- DATA:
[Start of Attachment]

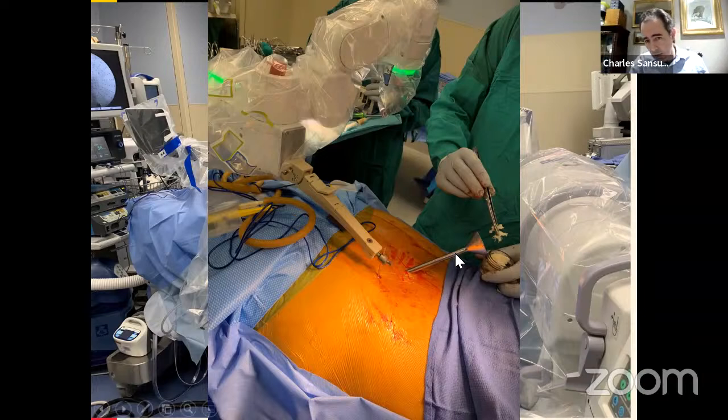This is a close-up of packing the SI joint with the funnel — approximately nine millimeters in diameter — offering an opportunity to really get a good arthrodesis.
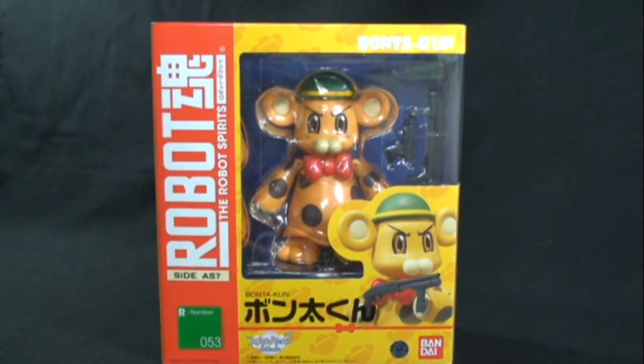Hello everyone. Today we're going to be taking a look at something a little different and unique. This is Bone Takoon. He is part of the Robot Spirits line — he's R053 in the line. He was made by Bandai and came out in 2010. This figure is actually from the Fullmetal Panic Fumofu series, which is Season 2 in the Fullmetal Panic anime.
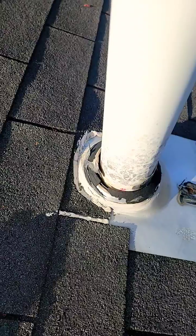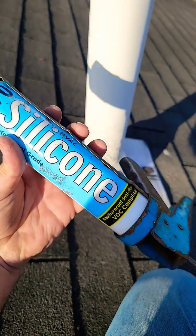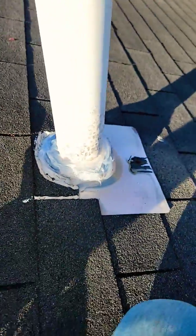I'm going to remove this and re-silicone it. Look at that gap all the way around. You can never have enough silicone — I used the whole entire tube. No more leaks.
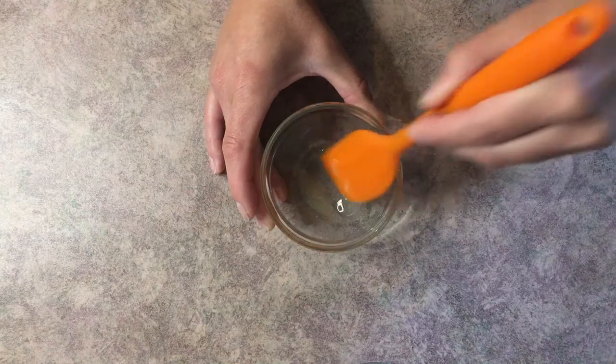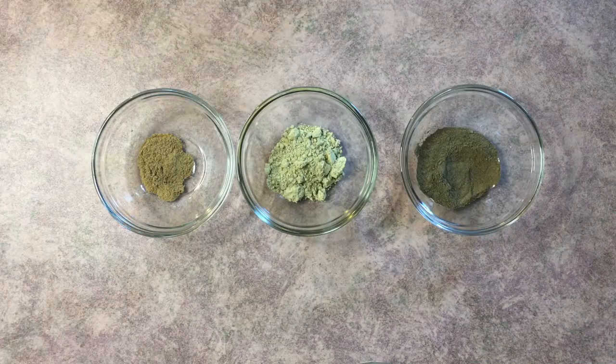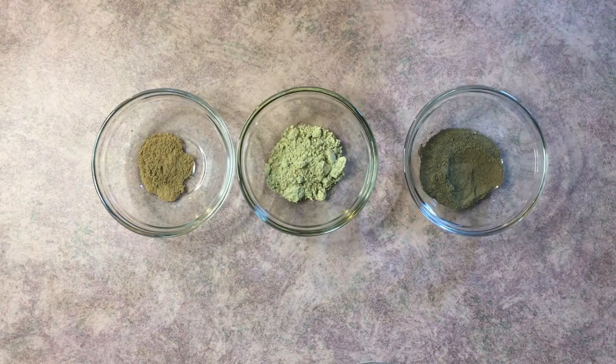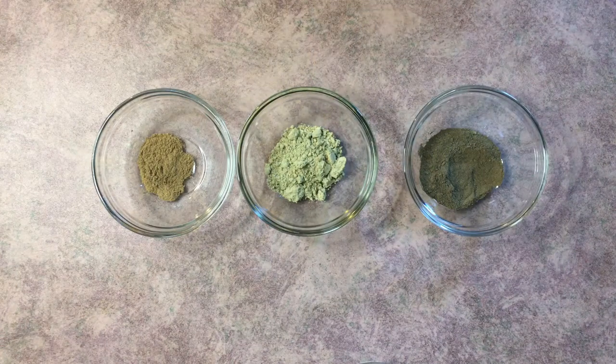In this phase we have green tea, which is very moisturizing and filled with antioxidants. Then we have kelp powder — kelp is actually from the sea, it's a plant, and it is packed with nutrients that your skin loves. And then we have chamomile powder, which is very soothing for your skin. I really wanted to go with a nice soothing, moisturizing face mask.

[End of Attachment]
[Start of Attachment]

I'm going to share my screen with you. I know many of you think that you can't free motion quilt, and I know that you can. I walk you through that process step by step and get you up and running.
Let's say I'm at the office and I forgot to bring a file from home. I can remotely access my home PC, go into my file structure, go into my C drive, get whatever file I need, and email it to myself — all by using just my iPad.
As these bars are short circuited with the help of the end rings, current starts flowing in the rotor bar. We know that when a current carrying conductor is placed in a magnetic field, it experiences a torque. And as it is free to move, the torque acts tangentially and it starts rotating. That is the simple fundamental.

[End of Attachment]

- EXERCISE DETAILS:
Look above for the line with "This is a close-up", then give again exactly every line from there through the line with "I'm going to remove", skipping the pictures.

- RESPONSE TO THIS TASK:
This is a close-up of packing the SI joint with the funnel — approximately nine millimeters in diameter — offering an opportunity to really get a good arthrodesis.
Hello everyone. Today we're going to be taking a look at something a little different and unique. This is Bone Takoon. He is part of the Robot Spirits line — he's R053 in the line. He was made by Bandai and came out in 2010. This figure is actually from the Fullmetal Panic Fumofu series, which is Season 2 in the Fullmetal Panic anime.
I'm going to remove this and re-silicone it. Look at that gap all the way around. You can never have enough silicone — I used the whole entire tube. No more leaks.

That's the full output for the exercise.